VMs may need to be deployed across multiple instances for the SLA to kick in
One of the mantras of cloud computing is prepare for failure. And in fact
some cloud services, including Microsoft and AWS, mandate that customers
architect their systems to be prepared for failure to meet the terms of the SLA.
AWS, for example requires that virtual machines be deployed across multiple
Availability Zones (which are different data centers in AWS’s cloud) and both
copies of the VM must be unavailable for the SLA to be breached. Microsoft uses
the term Availability Sets instead of Availability Zones, but it’s the same
idea. Customers must heed the best-practice architectures to ensure their
systems comply with the terms of the SLA.
Migration to a healthy VM could cause downtime, which may not breach SLA
One thing to keep in mind is that if you architect your system to be fault
tolerant and to fail over to another VM or Availability Set, that action itself
could cause problems, such as a reboot. If your system goes down because it was
not set up to handle a migration to a new set of VMs then that failure is not
the provider’s fault and will not count as a breach of the SLA. Tools like
Netflix’s Simian Army Chaos Monkey and Chaos Gorilla can help AWS customers test
the tolerance of their systems to outages.
Is the service really unavailable and is it your vendor’s fault?

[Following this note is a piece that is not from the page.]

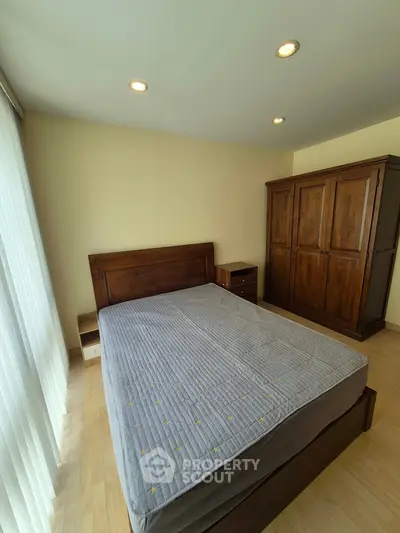 image_rental-21982341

In the example of the Texas company above, IT staff believed the outage was
Microsoft’s fault, which it was. But the service wasn’t really unavailable
because web access was still an option, so it didn’t count against the SLA. So
if your app goes down, is it really your vendor’s fault? Is the service
unavailable from all access points? Similarly, sometimes cloud services go down
but it’s not the vendors fault. For Microsoft’s SLA to be breached the service
must be down because of “circumstances within Microsoft’s control,” the company
states. When an outage occurs, check to see if there is something on your end
that caused the outage. Is your network connection to the cloud good, for
example? Customers have to prove that their vendor was at fault and the service
was truly down in order to be compensated for an SLA breach. A helpful tool for
determining if your provider has had an outage are service health dashboards,
where Microsoft and AWS report which services have been unavailable.
Terms of service can change
The cloud is a fast-moving industry and offerings from providers can change.
When offerings change, so too can the SLAs. Typically SLAs will outline whether
a provider has to notify customers of a change to the service or SLA, or if
customers should be prepared for a service disruption. But, it can vary from
provider to provider and service to service whether customers will be informed
of changes. If a sudden change to a service would impact your workload, check to
ensure that your provider will notify you of such changes.
Microsoft will notify customers of what it calls “disruptive changes” to its
core products, notes Donald Retallack, a research vice president at Directions
on Microsoft, a consultancy. Microsoft defines “disruptive changes” as:
“change(s) where a customer or administrator is required to take action in order
to avoid significant degradation to the normal operation of the online service.”
Microsoft promises to inform customers six months in advance of a disruptive
change to its Dynamics CRM platform, for example. But other non-disruptive
changes can occur without Microsoft notifying customers.
Planned downtime does not always count against an SLA
It is one thing for a service to go down for an unexpected reason, but sometimes
the cloud can go down because the service providers take it down. Verizon, for
example, had an almost 48-hour planned outage earlier this year. Outages like
that can mean the service is down, but it doesn’t count against the SLA.
Customers can ask their provider to ensure they will be informed of any planned
downtime.
“Preview” or beta services may not come with an SLA
Many providers offer free-tiers of service or other products that are in
preview. Typically, those free and preview services are not covered by SLAs. So,
feel free to use them but make sure you understand the terms and the risks of
using them before relying on them for critical functions.